Saved: /Users/yuyuezhu/bootcamp_carolina_zhu/data/raw/api_alphavantage_CME_20250826-1913.csv


In [41]:
# Assume df already exists with columns: date, open, high, low, close, volume
df = df.sort_values('date').reset_index(drop=True)

# --- Simple engineered features ---
df['daily_return'] = df['close'].pct_change()
df['price_range'] = df['high'] - df['low']
df['oc_diff'] = df['close'] - df['open']
df['close_ma_5'] = df['close'].rolling(5).mean()
df['volume_ma_5'] = df['volume'].rolling(5).mean()

# shift target: predict next day's close
df['target_close'] = df['close'].shift(-1)

# drop rows with NaN
df = df.dropna().reset_index(drop=True)

In [53]:
# Train/Test Split
from sklearn.linear_model import LinearRegression
from sklearn.model_selection import train_test_split
from sklearn.metrics import mean_squared_error, r2_score
import numpy as np

# 1. Prepare features + target
features = ['open','high','low','close','volume']   # add engineered ones if you like
X = df[features]
y = df['close'].shift(-1)   # predict next day’s close
df_model = pd.concat([X, y], axis=1).dropna()
X = df_model[features]
y = df_model['close']

# 2. Split train/test
X_train, X_test, y_train, y_test = train_test_split(X, y, test_size=0.2, shuffle=False)

# 3. Fit model
lr = LinearRegression()
lr.fit(X_train, y_train)

# 4. Predict
y_pred = lr.predict(X_test)

# 5. Metrics
r2 = r2_score(y_test, y_pred)
mse = mean_squared_error(y_test, y_pred)   # no 'squared' kw in your version
rmse = np.sqrt(mse)

print("R²:", r2)
print("RMSE:", rmse)


R²: 1.0
RMSE: 2.4525878671762584e-09


## 3) Optional: Add a transformed feature
Add a polynomial or interaction if diagnostics suggest mis-specification.

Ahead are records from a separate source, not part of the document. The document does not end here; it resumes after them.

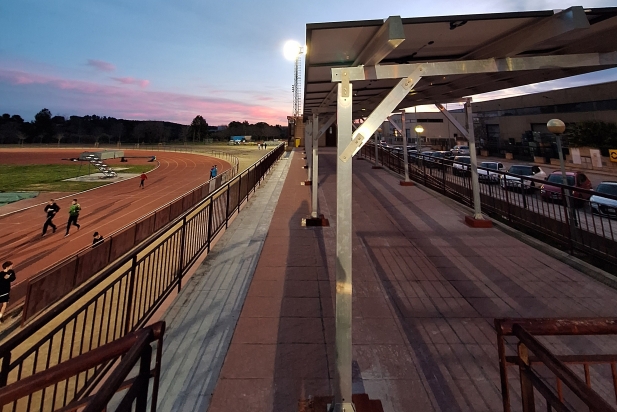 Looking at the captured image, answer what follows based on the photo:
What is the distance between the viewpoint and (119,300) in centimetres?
421

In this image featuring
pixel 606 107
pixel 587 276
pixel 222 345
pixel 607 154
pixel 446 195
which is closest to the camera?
pixel 222 345

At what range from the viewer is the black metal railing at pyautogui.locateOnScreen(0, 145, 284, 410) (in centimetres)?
210

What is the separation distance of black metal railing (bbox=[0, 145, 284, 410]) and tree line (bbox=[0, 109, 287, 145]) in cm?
13507

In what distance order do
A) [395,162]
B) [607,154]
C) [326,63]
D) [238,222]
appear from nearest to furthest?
1. [326,63]
2. [238,222]
3. [395,162]
4. [607,154]

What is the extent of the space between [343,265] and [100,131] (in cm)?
19123

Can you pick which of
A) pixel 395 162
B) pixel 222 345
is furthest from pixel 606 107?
pixel 222 345

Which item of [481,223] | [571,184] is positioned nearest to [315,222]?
[481,223]

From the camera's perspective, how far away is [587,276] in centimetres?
459

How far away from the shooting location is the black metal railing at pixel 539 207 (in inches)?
198

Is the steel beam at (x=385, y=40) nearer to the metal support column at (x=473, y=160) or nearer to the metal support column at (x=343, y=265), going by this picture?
the metal support column at (x=343, y=265)

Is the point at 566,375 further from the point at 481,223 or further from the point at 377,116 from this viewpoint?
the point at 481,223

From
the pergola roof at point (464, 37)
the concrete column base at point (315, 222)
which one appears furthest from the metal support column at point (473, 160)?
the concrete column base at point (315, 222)

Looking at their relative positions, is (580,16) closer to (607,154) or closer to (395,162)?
(395,162)

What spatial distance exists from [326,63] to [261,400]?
3701 millimetres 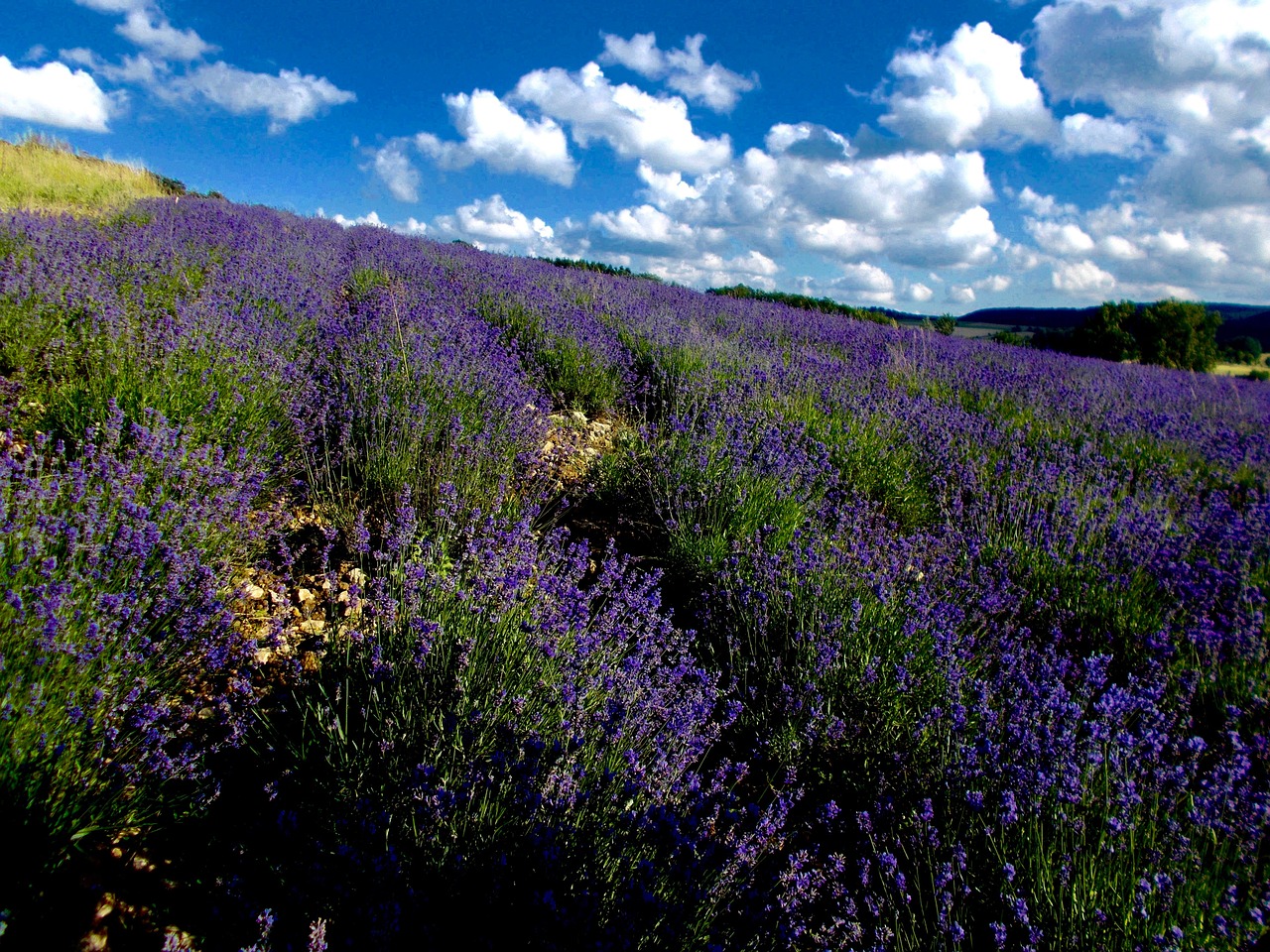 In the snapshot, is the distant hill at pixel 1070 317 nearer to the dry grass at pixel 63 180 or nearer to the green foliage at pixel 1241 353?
the green foliage at pixel 1241 353

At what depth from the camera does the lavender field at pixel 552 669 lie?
135 cm

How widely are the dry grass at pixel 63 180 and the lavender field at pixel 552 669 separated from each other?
7027mm

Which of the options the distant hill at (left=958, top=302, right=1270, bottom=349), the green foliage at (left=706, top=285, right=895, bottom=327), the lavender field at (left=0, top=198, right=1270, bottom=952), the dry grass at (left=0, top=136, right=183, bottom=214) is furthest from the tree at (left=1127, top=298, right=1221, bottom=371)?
the distant hill at (left=958, top=302, right=1270, bottom=349)

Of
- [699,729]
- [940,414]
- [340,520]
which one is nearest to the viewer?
[699,729]

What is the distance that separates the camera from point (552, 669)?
1.75m

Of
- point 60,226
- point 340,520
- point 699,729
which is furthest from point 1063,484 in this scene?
point 60,226

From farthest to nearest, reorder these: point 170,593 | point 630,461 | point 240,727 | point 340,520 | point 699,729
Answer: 1. point 630,461
2. point 340,520
3. point 699,729
4. point 170,593
5. point 240,727

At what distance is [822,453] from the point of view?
4.00m

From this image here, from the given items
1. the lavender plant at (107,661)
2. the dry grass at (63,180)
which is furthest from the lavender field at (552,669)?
the dry grass at (63,180)

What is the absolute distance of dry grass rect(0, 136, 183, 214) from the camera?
942 centimetres

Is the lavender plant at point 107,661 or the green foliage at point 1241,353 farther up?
the green foliage at point 1241,353

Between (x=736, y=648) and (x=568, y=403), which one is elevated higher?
(x=568, y=403)

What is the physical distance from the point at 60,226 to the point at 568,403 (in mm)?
4654

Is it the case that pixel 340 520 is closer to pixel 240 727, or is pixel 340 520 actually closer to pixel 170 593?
pixel 170 593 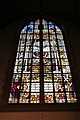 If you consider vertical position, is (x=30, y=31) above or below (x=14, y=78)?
above

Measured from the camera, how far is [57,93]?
8203mm

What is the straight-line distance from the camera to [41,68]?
915 centimetres

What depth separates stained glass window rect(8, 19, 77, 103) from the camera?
8.12 meters

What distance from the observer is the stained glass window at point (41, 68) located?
8117 millimetres

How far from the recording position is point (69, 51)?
9.88 m

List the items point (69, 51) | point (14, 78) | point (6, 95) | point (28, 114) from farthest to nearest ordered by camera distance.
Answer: point (69, 51), point (14, 78), point (6, 95), point (28, 114)

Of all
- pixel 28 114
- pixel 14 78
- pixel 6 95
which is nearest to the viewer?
pixel 28 114

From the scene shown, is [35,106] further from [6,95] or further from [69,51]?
[69,51]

## 4) Interpretation (write your conclusions below)
- Linearity:
On paper the model seems perfectly linear because it predicts with no error. In reality, that suggests the model had direct access to information about the target (e.g., predicting today’s close from today’s close). That means the linearity test isn’t really meaningful here.

- Homoscedasticity:
Residual variance looks almost zero everywhere, so it appears homoscedastic. But again, this is probably because residuals themselves are near zero due to leakage, not because the assumption truly holds.

- Normality:
With residuals essentially at zero, they don’t follow a distribution at all. You can’t claim normality — they’re degenerate (collapsed at 0).

- Independence:
Independence can’t be evaluated here. If the model has leaked the target variable, residuals won’t reveal autocorrelation. In a true financial time series, residuals are rarely fully independent.

- Which model do you trust and why?:
I wouldn’t trust this model. A perfect R² and almost-zero RMSE signals overfitting or data leakage. A more trustworthy model would exclude the target variable or lagged versions that overlap improperly.

- Next step you’d try:
Redesign the feature set:

Remove the raw “close” from predictors if the target is next-day close.
Use lagged features only (yesterday’s close, yesterday’s return, rolling averages).
Re-run with train/test split and check for realistic R² (< 1).
Add residual diagnostic plots to confirm assumptions.